Send me a pairing and a line of dialogue and I'll write you something
"Pearlie, is everything okay in there?"
Of course the collection of explicitives were going to draw attention from her girlfriend. Pearl, dragging the frying pan off the hob and frantically fanning the thin trail of smoke away with a paper towel, forced a grin even though Marina was on the other side of a closed door. "A'course! Everything's fiiine!" Phew. She'd managed to prevent the smoke alarm from going off. That would be a real snitch. "You know you don't have to worry about me, 'Rina!" Totally not. Pearl felt her grin turn to slightly more of a grimace as she observed the contents of the pan. "I said I'd make you a totally awesome breakfast and it's going, like, so awesomely!"

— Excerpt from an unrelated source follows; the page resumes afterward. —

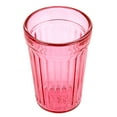 thumbnail image 6 of STPgoods Pink Faceted Stackable Drinking Glasses Set 4 Pcs 8.45 fl oz Glass Tumbler Set Water Glasses, 6 of 10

Well, she supposed somehow managing to burn specifically the middle of a pancake was awesome in its own way. At least she'd managed to prevent a fire?
"... Okay." Marina, unfortunately, sounded like she did not fully believe that everything was fine. She knew Pearl was putting a lot of herself into making this birthday breakfast for her, though, and didn't want to ruin that by interfering, unless there was an absolute emergency. Which there wasn't, because Pearl had things totally under control! "Call me if you want a hand, though."
"I got things under control! No hands necessary. I mean, other than my own." Pearl waved one of them, still unseen, and almost scalded her hair with a fresh-out-of-the-frying-pan spatula. "You are going to go back to bed and wait and feel loved and appreciated."
That did bring a very adorable laugh out of her. The best sound. The confidence booster for Pearl that she could, in fact, make an extravagant breakfast, even if she was significantly worse at multitasking than Marina was. "Okay, Pearlie," she said, affection in her voice. "I know it'll be great if you're putting so much love into it."
Of course it would! Marina had done the same thing for Pearl on her own birthday earlier in the month, and it had been the best meal the little squid had ever experienced in her life. Also one of the biggest, even if that had been a measurement-conversion mistake, and Pearl had felt too stuffed to move for half the day afterwards. Knowing Marina had put so much love into doing that for her motivated her to put in every bit as much effort now. Without giving her girlfriend mild stomach cramps in the process, hopefully.
It was... a little disheartedning that the pancakes were the first thing she was messing up, in a significant way, when that was something she was used to making, but... it was fine. There were just a lot of different things for her to keep track of, and she'd stopped paying attention for a moment.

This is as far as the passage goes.